Monday, 21 September 2009

The mongoose is your dear old aunt (Happy birthday to me)

I'll always remember your birthday because it's around the same time as something more important than your birthday
First let me apologize. I know I've been missing for a week, and I don't have an outstanding reason, except that my monitor decided to go rogue and become the matrix. It's now covered in flickering lines, spots and other vision-obstructing paraphernalia. The good news is that my life-(and blog-)saving friend brought me a monitor to hook up to my laptop at home. The not-so-good news is that the coming week is filled with birthday celebrations, so I may be missing a little more.

My sister's birthday is Thursday, and my birthday is today. Thweep! (That's my noisemaker.) I love birthdays. I was up at 5:30 a.m, and out on the road by 6:30, two sisters in tow (they're on holiday; I'm just idle), all three of us wearing party hats and accepting kind wishes from strangers. There were a few nasty don't-these-three-idiots-have-anything-better-to-do looks as well. We just blew our noisemakers at those people: Thweep!, beyotch. We're having a party.

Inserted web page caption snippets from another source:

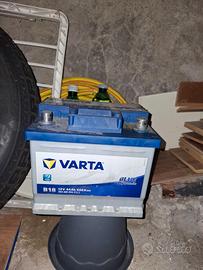 BATTERIA AUTO VARTA B18 BLUE DYNAMIC 12V 44Ah 440A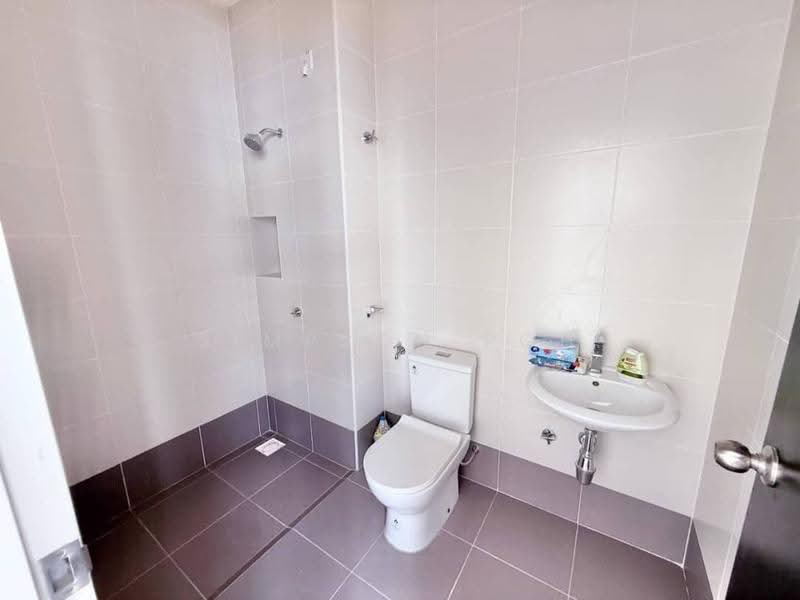 Rumah Kluster untuk Dijual di Eco Botanic 2 (Iskandar Puteri (Nusajaya)) - Simpson Poh - Bathroom - PropertyGuru.com.my
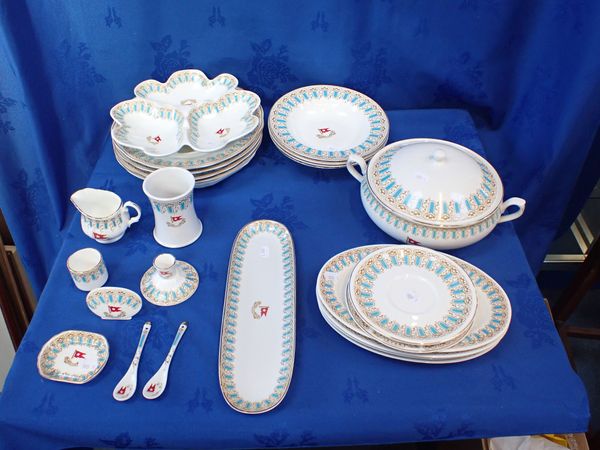 'TITANIC' INTEREST: A QUANTITY OF REPLICA WHITE STAR LINE DINNER WARES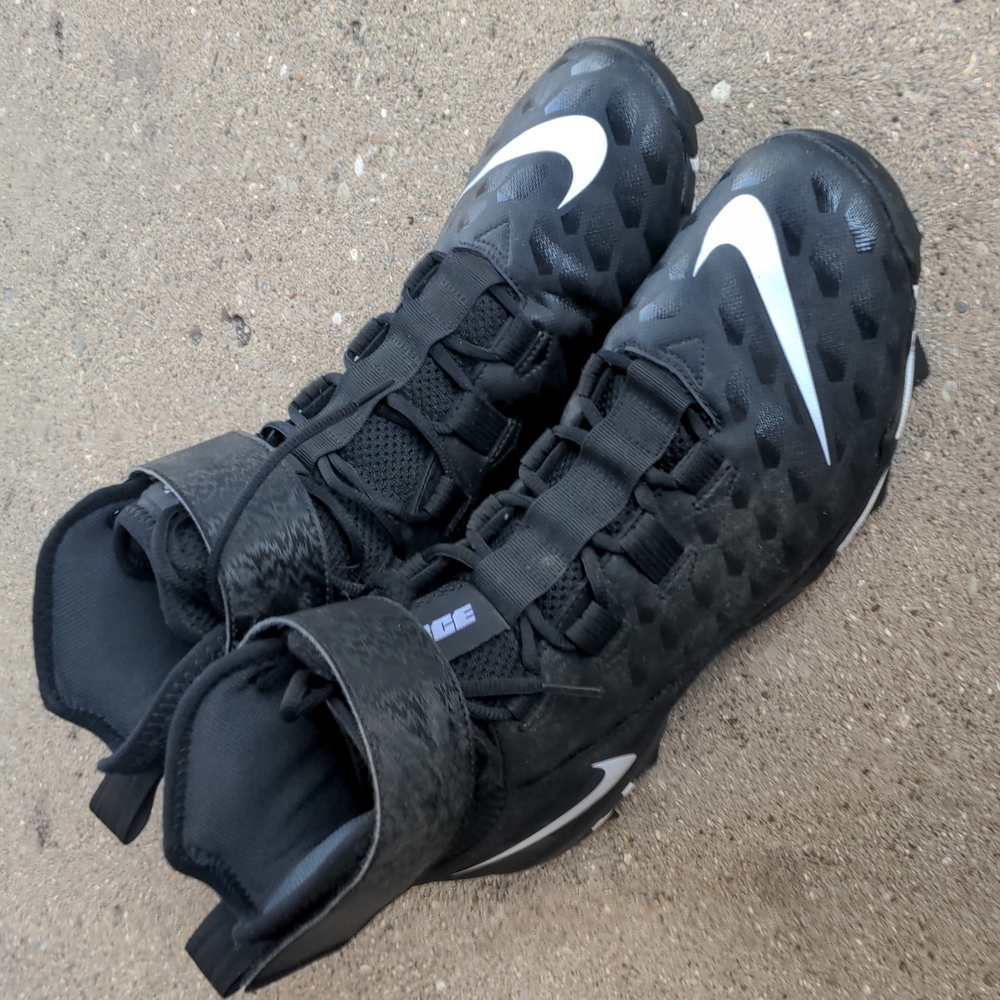 Nike Force Savage 2 Football Cleats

So yes, I love birthdays as an occasion to celebrate life, learning and love. My mother started that tradition among her three girls growing up: we treat the birthday person well, acknowledge that on that day it's not so much about us and a bit more about her, and we use it as a time to take stock of life, thank the universe (she would say god, and would grimace long-sufferingly at me for saying 'universe') for what we have, and purpose to be better people in the next year of life.

I'm getting old, y'all. Sometimes I'm in the middle of a story, and I'll hear myself saying something like: "that was ten years ago, in Venezuela, under the old presidente", and I feel like an old seafarer back from a lengthy voyage. It's great. I feel learned - with two syllables, and I also now call teenaged boys 'son', for which my friends laugh and point at me, and deservedly so because really, that's not necessary.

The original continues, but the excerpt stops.